A review of the upcoming third season of True Detective, in five parts.
1. It’s borderline impossible to discuss True Detective without starting with the history of the show, so let’s just go ahead and do that. The first season was a revelation, a shooting star flashing across the night sky, ridden by Woody Harrelson and an early-McConaissance Matthew McConaughey, and yes, please do stop here to picture Matthew McConaughey and Woody Harrelson riding a literal shooting star. There were justifiable quibbles about the ending and the explosion of Bleak Shows About Sad Cops Investigating Creepy Murders it spawned, but the former is subjective and the latter isn’t really the show’s fault. And even if it was, I mean, I’ll accept that in exchange that for all those scenes where Rust Cohle babbled about flat circles between slugs off a Lone Star tallboy. Remember how much fun we all had with those? Really, think back on it. Good times.
Then season two premiered and… yeah, not so much. There was organized crime and creepy sex cults and Colin Farrell had a red-haired kid and there was the whole “Vince Vaughn hallucinates his way through the desert for like 10 minutes as he succumbs to stab wounds and at one point there are apparitions of mean teens for some reason?” thing. I don’t know, man. It was not great. The less said about it the better.

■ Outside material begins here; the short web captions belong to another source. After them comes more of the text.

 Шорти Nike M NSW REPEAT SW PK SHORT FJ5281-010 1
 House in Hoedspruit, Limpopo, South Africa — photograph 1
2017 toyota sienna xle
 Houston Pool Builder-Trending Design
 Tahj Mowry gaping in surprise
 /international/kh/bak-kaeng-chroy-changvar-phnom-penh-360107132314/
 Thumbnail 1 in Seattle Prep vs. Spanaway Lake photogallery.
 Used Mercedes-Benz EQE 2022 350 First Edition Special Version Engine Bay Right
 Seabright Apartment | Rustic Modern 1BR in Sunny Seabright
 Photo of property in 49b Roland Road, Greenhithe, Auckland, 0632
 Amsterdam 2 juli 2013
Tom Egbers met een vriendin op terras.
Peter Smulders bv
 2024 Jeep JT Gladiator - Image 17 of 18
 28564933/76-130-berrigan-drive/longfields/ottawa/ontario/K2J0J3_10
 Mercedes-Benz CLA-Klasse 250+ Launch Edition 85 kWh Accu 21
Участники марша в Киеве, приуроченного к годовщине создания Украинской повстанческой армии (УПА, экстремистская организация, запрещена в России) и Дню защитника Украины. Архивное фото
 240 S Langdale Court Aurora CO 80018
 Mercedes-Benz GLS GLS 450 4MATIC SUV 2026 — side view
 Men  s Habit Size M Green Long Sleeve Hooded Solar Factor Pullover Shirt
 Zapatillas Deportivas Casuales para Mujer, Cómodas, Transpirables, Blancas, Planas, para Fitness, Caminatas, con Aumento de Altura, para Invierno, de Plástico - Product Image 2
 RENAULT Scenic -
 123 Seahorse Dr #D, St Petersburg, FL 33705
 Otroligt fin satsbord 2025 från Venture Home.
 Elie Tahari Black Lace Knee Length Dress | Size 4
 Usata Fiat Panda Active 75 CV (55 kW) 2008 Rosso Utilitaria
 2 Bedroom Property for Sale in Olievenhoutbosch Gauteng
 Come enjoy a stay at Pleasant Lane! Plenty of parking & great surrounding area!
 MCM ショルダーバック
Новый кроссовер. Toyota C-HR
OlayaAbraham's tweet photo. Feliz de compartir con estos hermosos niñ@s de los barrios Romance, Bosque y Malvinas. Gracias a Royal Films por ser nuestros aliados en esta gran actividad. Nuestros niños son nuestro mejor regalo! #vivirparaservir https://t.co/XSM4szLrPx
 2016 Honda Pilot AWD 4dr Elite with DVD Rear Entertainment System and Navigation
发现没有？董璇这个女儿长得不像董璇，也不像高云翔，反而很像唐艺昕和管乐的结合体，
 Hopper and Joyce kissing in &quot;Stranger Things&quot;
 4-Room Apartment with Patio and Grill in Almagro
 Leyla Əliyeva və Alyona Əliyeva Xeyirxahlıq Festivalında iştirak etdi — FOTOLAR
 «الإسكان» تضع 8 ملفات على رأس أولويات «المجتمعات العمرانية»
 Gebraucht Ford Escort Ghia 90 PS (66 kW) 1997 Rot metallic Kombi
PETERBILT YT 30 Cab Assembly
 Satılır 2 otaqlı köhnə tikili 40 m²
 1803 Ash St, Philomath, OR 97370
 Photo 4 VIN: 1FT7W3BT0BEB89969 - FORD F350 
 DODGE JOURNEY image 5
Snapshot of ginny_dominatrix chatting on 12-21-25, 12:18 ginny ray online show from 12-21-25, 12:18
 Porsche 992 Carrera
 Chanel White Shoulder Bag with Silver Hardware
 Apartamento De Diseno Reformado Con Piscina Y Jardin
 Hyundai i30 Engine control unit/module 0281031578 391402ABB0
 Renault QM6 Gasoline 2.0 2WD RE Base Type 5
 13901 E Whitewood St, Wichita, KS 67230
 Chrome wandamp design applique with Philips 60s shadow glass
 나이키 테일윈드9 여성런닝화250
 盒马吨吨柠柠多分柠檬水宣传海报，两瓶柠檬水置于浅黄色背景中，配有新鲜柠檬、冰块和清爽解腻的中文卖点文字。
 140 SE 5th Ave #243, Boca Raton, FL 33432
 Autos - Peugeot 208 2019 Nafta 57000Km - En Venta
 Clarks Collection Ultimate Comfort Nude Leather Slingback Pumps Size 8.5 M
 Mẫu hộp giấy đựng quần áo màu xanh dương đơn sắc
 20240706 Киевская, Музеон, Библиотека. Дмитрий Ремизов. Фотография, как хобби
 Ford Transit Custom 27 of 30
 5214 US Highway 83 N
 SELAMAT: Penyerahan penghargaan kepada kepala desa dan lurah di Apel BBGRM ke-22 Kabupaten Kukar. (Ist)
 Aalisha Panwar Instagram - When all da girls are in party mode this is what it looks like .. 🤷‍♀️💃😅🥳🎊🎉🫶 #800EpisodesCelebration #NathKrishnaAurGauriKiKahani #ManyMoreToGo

So the question here is: Can True Detective, in its third season, recover from those missteps to re-discover the magic spark that made the first go-round so fun?
2. Well, no.
3. But let’s focus on the good for a minute. This new season stars Mahershala Ali and I am very pleased to report that Mahershala Ali still rules. He ruled in Moonlight and he ruled in the first season of Luke Cage and he even ruled in House of Cards, somehow. Here, he rules across three separate timelines as an Arkansas detective named Wayne Hays. Hays is kind of a mess, a war veteran with a skill for tracking, a heavy drinker whose life gets consumed by a troubling case, and later, an old man with memory issues whose life is now re-consumed with a troubling case. The story jumps back and forth between the timelines to slowly reveal itself, one crumb at a time. You can tell the timeline has switched mostly because his hairstyle changes. You knew that, though. You’ve seen television shows before.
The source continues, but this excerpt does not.